== DATASET CONTENT ==
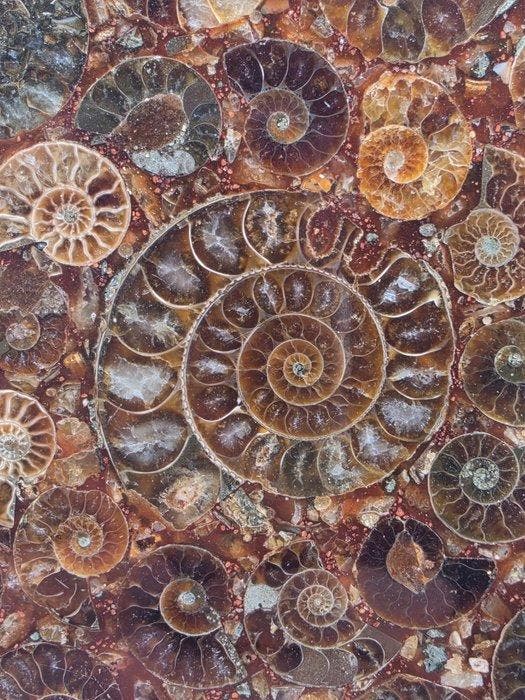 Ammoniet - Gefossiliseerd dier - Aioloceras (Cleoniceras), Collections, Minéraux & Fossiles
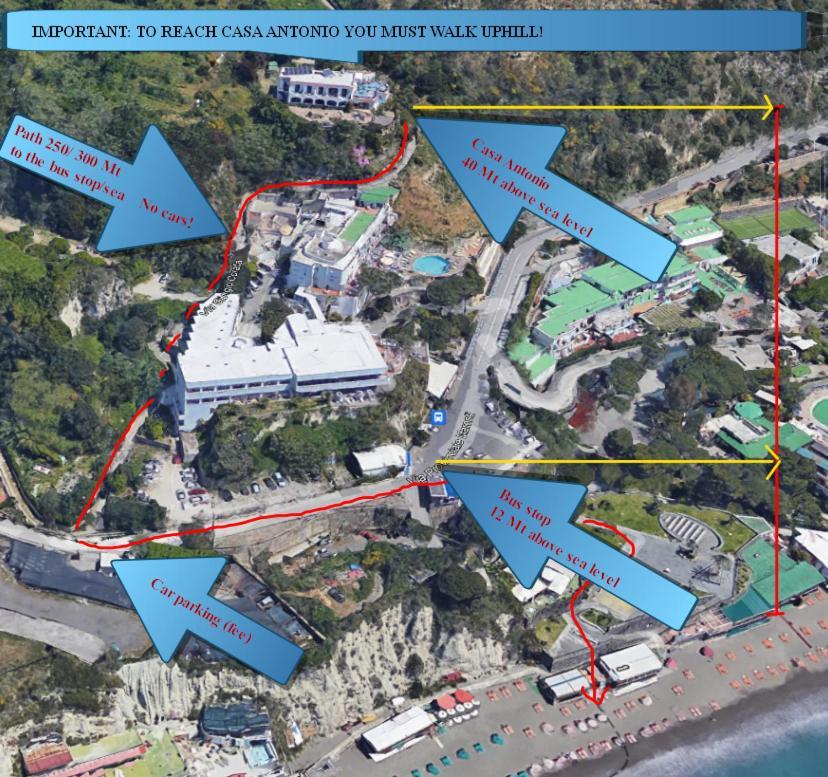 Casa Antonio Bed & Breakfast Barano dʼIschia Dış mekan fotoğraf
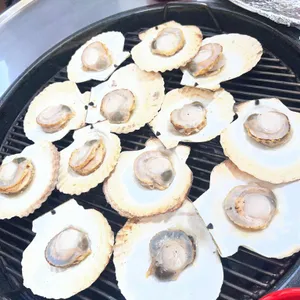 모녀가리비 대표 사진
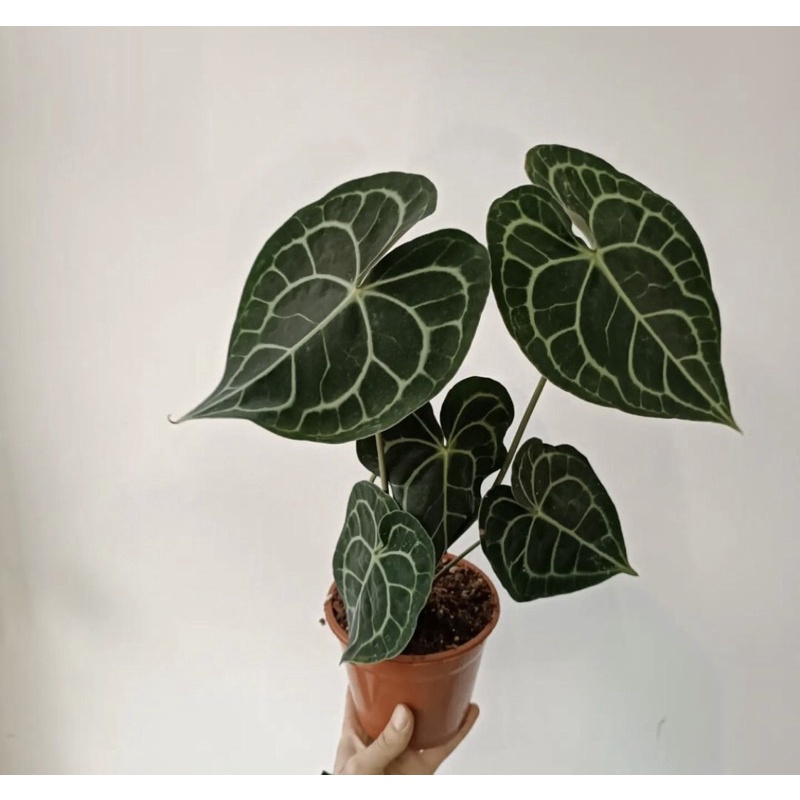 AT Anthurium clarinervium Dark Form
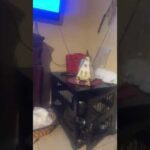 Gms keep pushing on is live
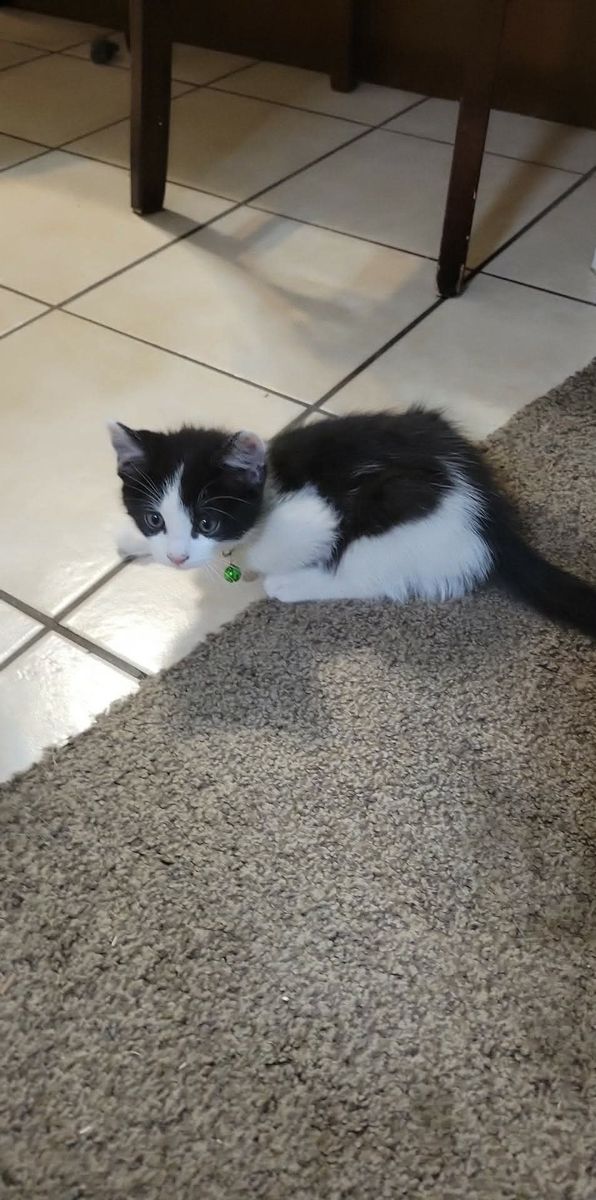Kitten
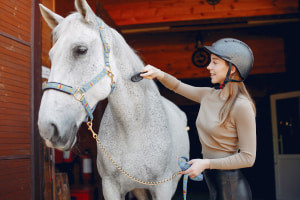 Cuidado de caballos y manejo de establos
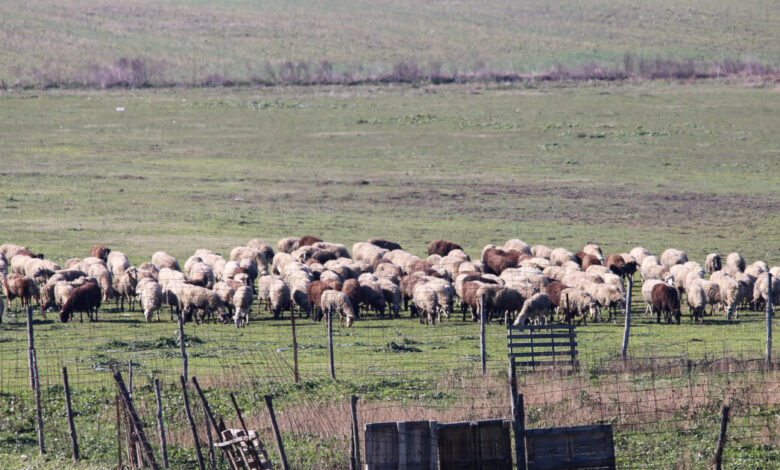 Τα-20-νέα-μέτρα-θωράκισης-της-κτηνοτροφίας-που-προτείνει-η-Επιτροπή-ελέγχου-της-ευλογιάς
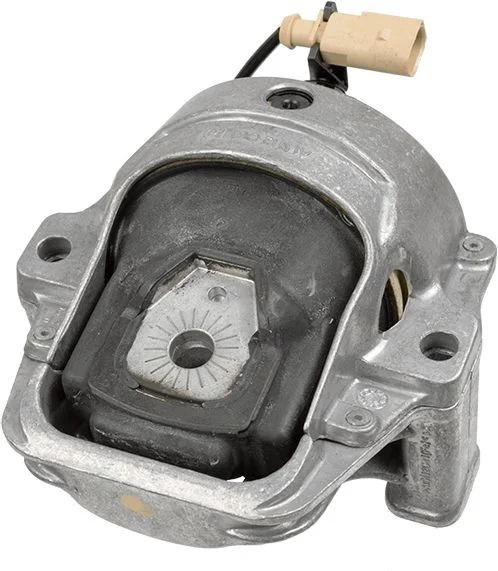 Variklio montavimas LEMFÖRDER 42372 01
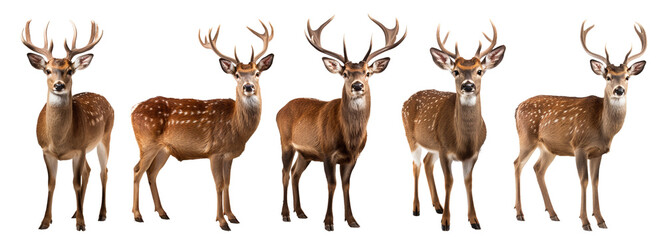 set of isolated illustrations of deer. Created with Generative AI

== PROBLEM STATEMENT ==
I would like the material above returned exactly as it stands, without its pictures.

== SOLUTION BELOW ==
 Ammoniet - Gefossiliseerd dier - Aioloceras (Cleoniceras), Collections, Minéraux & Fossiles
 Casa Antonio Bed & Breakfast Barano dʼIschia Dış mekan fotoğraf
 모녀가리비 대표 사진
 AT Anthurium clarinervium Dark Form
 Gms keep pushing on is live
Kitten
 Cuidado de caballos y manejo de establos
 Τα-20-νέα-μέτρα-θωράκισης-της-κτηνοτροφίας-που-προτείνει-η-Επιτροπή-ελέγχου-της-ευλογιάς
 Variklio montavimas LEMFÖRDER 42372 01
 set of isolated illustrations of deer. Created with Generative AI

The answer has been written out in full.